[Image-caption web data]
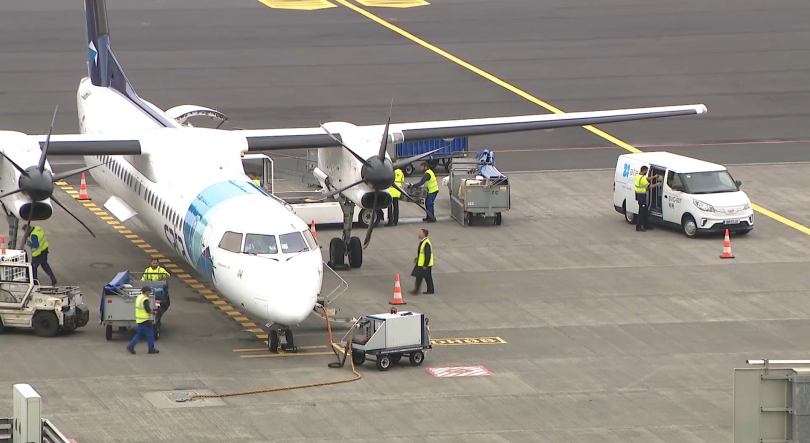 Handling SATA Air Açores: Registado prejuízo de 6,25M€ em 2025
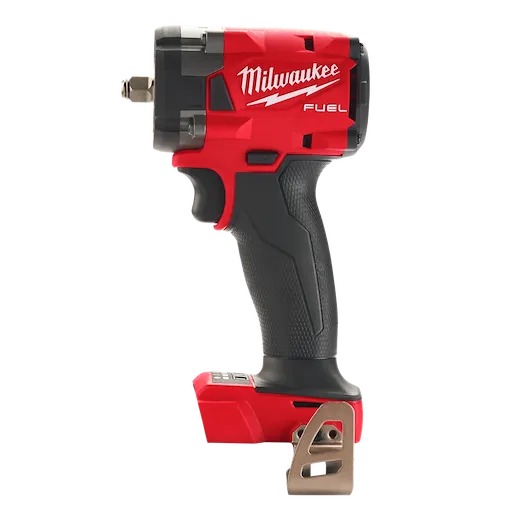 Pistola de Impacto 3/8" Compacta Milwaukee M18 FUEL (Solo Herramienta)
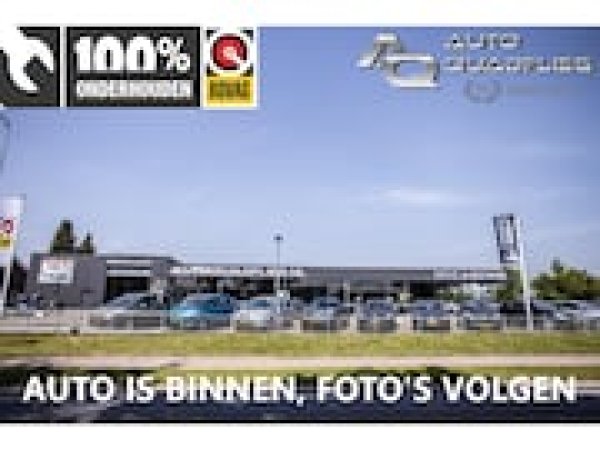 Foto van Citroen C1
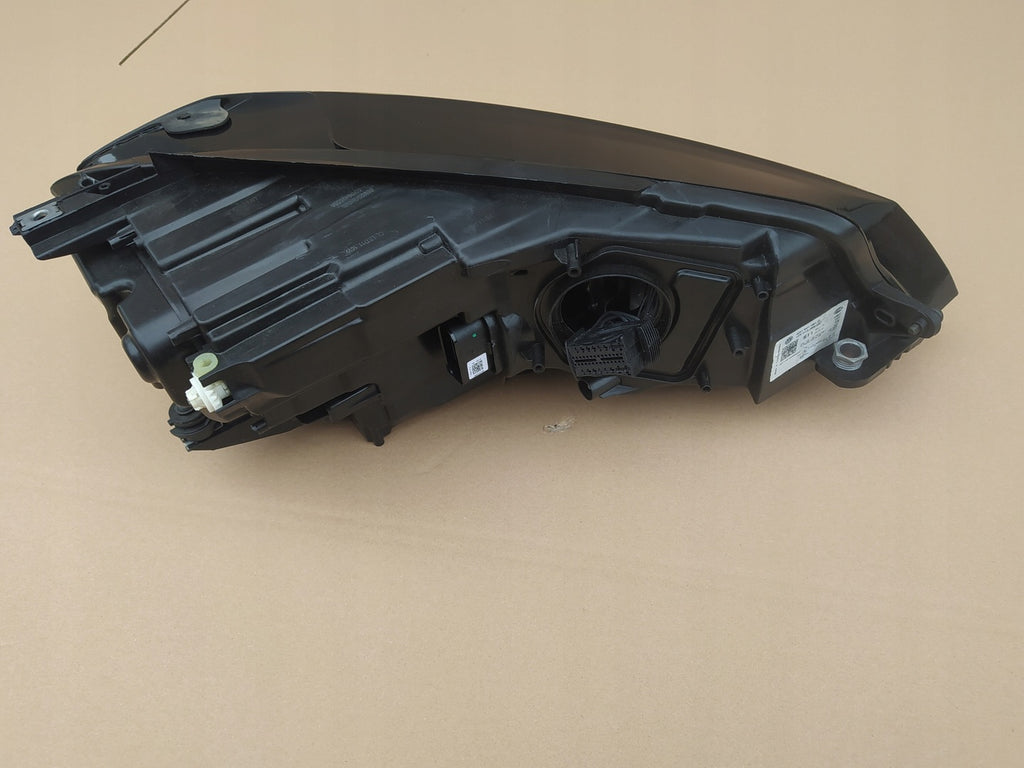 Frontscheinwerfer VW Golf VII 5G194081D Links Scheinwerfer Headlight SCH7450270718rf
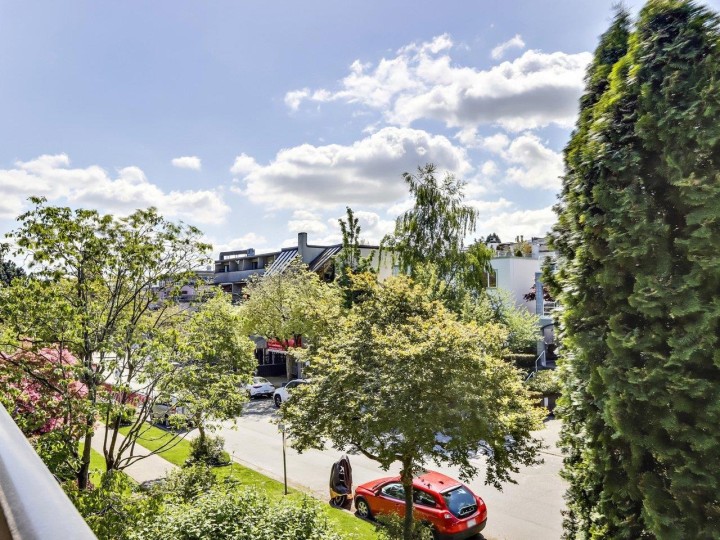 Photo 23 at 307 - 2255 York Avenue, Kitsilano, Vancouver West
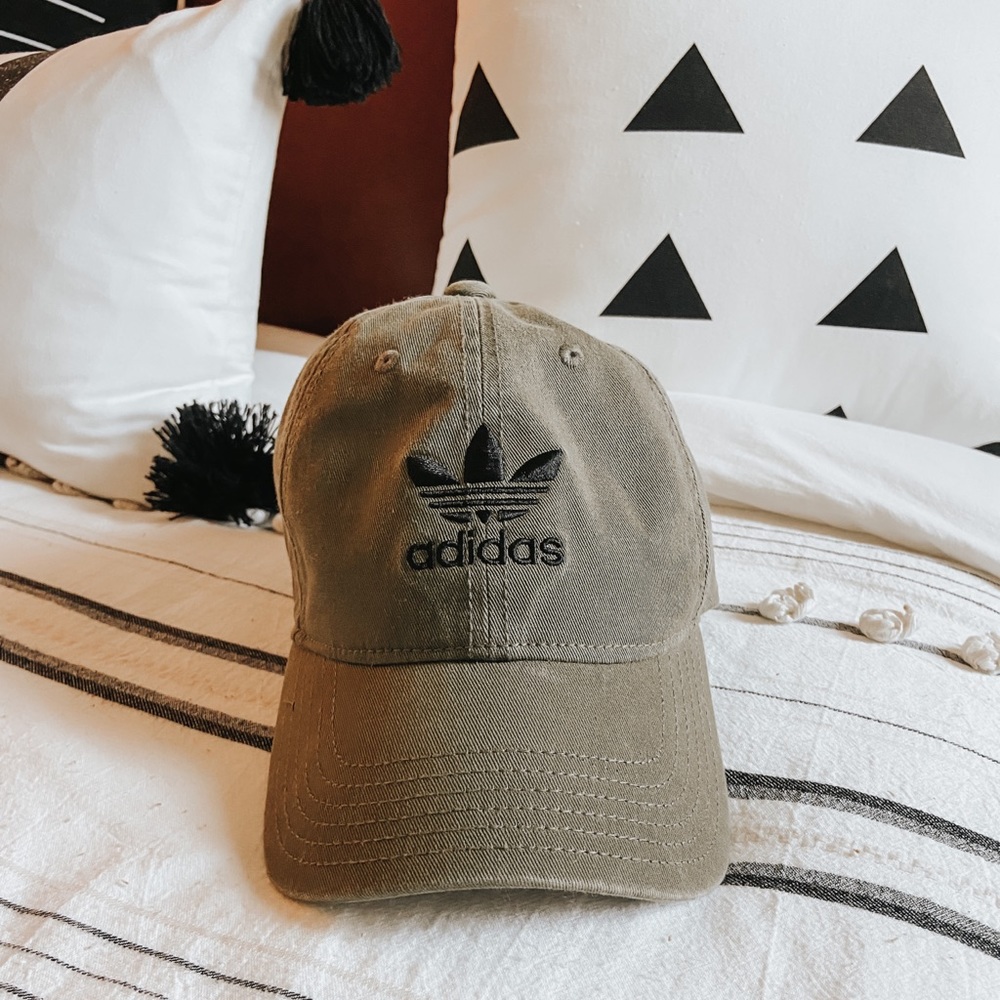 Adidas Unisex Baseball Cap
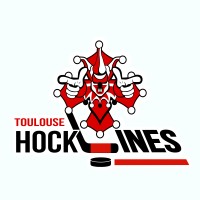 Toulouse Roller Hockey Club Hocklines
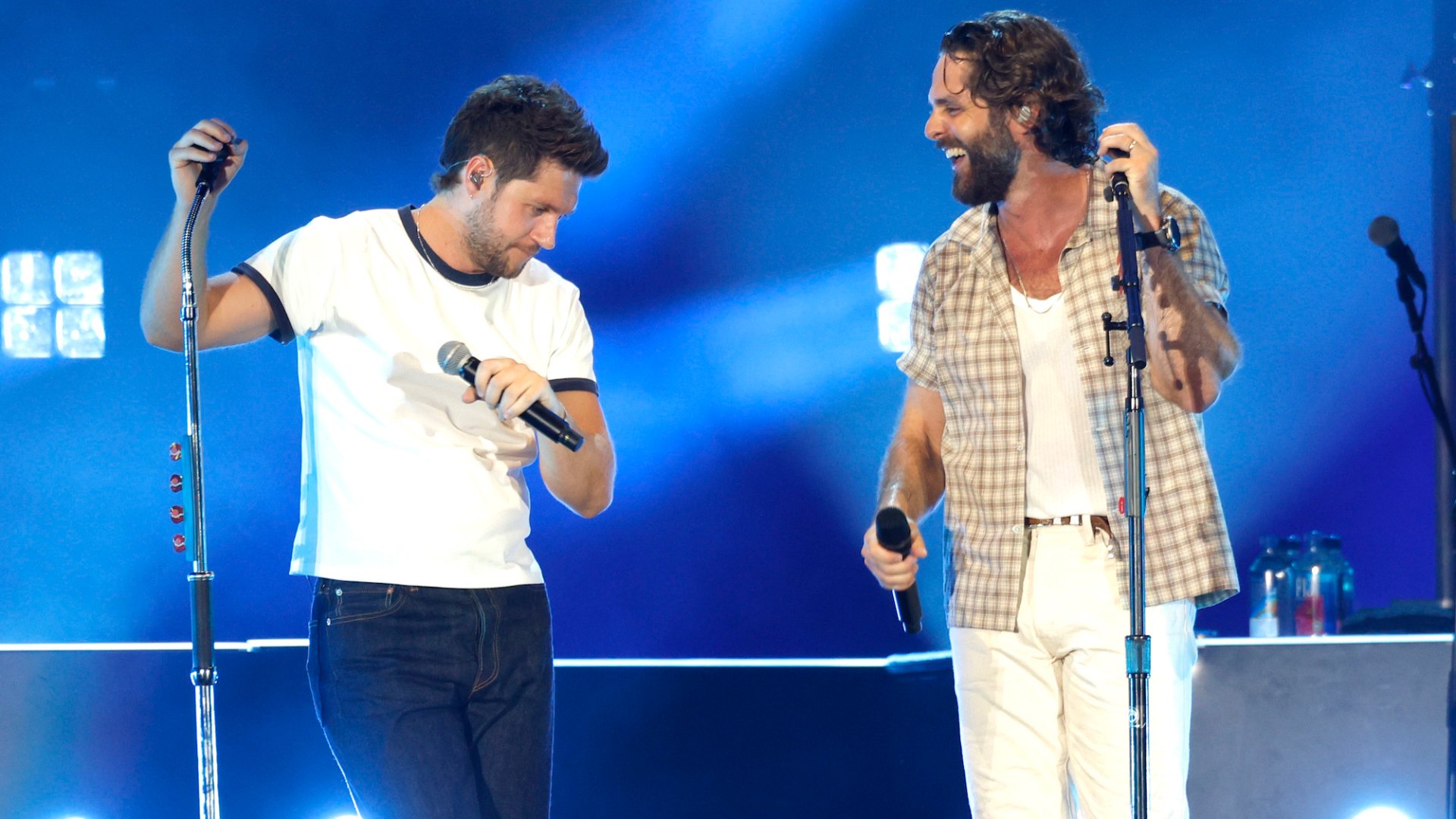 Thomas Rhett In Concert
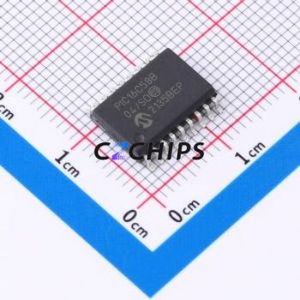 Microcontrolador de chip IC de circuito integrado nuevo y original de 1/SO (MCU/MPU/SoC) de 1/2/1/2 - Product Image 1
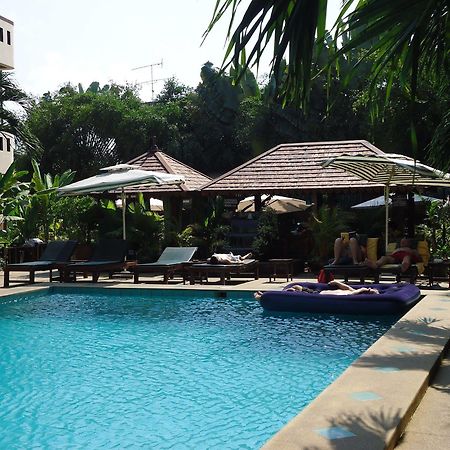 Bonkai Resort Pattaya Ngoại thất bức ảnh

## Brief
Above are records; repeat only the lines from the line with "Frontscheinwerfer VW Golf" through the line with "Thomas Rhett In Concert", and leave pictures out.

## Worked solution
 Frontscheinwerfer VW Golf VII 5G194081D Links Scheinwerfer Headlight SCH7450270718rf
 Photo 23 at 307 - 2255 York Avenue, Kitsilano, Vancouver West
 Adidas Unisex Baseball Cap
 Toulouse Roller Hockey Club Hocklines
 Thomas Rhett In Concert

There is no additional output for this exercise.